Lovullo wouldn’t call that a benching but a chance for those players to support their teammates and go home from the game already well into resetting for the next day. That, too, could be viewed as a defining moment. Time will tell.
What we do know is the start to Game 2 of the Houston series didn’t look like it’d end with an Arizona victory. For every hard-hit ball by the Astros in the first three innings, there was a dribbling groundout by the Diamondbacks.
Houston kept barreling up Arizona starter Robbie Ray, who allowed seven of the Astros’ nine hitters to register a hard-hit ball through the first two innings.
Then came the roof opening — and a literal breath-taking play by Kole Calhoun in the bottom of the fourth.

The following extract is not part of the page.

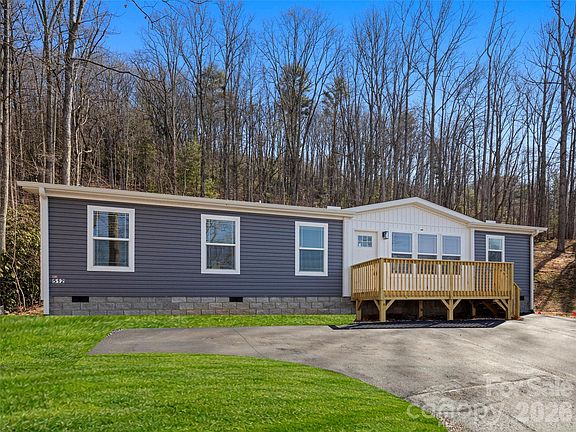 3rd image of 512 Hutch Mountain Rd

Ketel Marte’s single was followed by a screaming Calhoun liner that bounced off the right field corner fence and zoomed along the wall, allowing for his first career inside-the-park home run — Arizona’s 18th in franchise history.
“I kind of put my head down as I was touching first and saw it just shoot toward the pool and was like, ‘Alright, here we go,'” Calhoun said. “Thought it was a stand-up triple all day and (third base coach Tony Perezchica) kept waving and I don’t think I’ve caught my breath since.”
Arizona outfielder Starling Marte followed with a bunt-single, Christian Walker hit a ground-rule double and Eduardo Escobar got hit by a pitch to load the bases — all of this without an out in the inning.
Peralta then smoked a triple into the same right field corner for three more runs, and catcher Stephen Vogt followed with an RBI double. Ketel Marte, Calhoun and Walker all reappeared in the fourth for RBI hits, giving them a multi-hit inning each and putting Arizona ahead, 9-4.
The good news after all that was Ray was through four innings with only 60 pitches thrown. But he didn’t take advantage.
He walked catcher Martin Maldonado to lead things off in the fifth and allowed George Springer to go deep, pulling Houston within 9-6.
Arizona’s starter needed 31 pitches to get out of the fifth inning and called it a night from there.
Nick Ahmed’s two-run homer in the fifth re-insured the D-backs as did a Peralta solo shot in the seventh, making for his fourth career game of four or more RBIs. Escobar hit his first bomb of 2020 for two more runs in the eighth inning.
Lovullo said he’s not in the loop when it comes to deciding on the status of the roof, and perhaps the heat (108 degrees at first pitch) and thin air contributed to the balls flying out of the park. That said:
“I know there were a lot of hard-hit balls that probably would’ve been out of the ballpark no matter what,” Lovullo added.
Arizona’s problems are certainly not solved.
Ray managed 5.0 innings total — the longest he’s lasted in three starts of 2020 — while giving up six earned runs and three home runs.
Pitching coach Matt Herges said the lefty used the last few days to work through a windup change.
“We think he’s getting his arm stuck,” Herges said before the game. “You’ll see it tonight. There’s going to be a glove tap to promote getting his arm going so it’s not stuck here. It adds flow to his delivery.”
Ray, who was not available to reporters after the game Wednesday, has another five days to continue searching for answers.
If the D-backs have any luck, at least they already found answers for an anemic offense. And for once, at least they got the luck.
“It’s just kind of how the whole thing has seemed so far is we’re not getting the ball to bounce our way,” Calhoun said of the season, adding of his homer: “You want to talk about a ball bouncing our way, I mean, that ball bounced literally to center field when it was down in the corner.
“The ball just kept rolling and rolling.”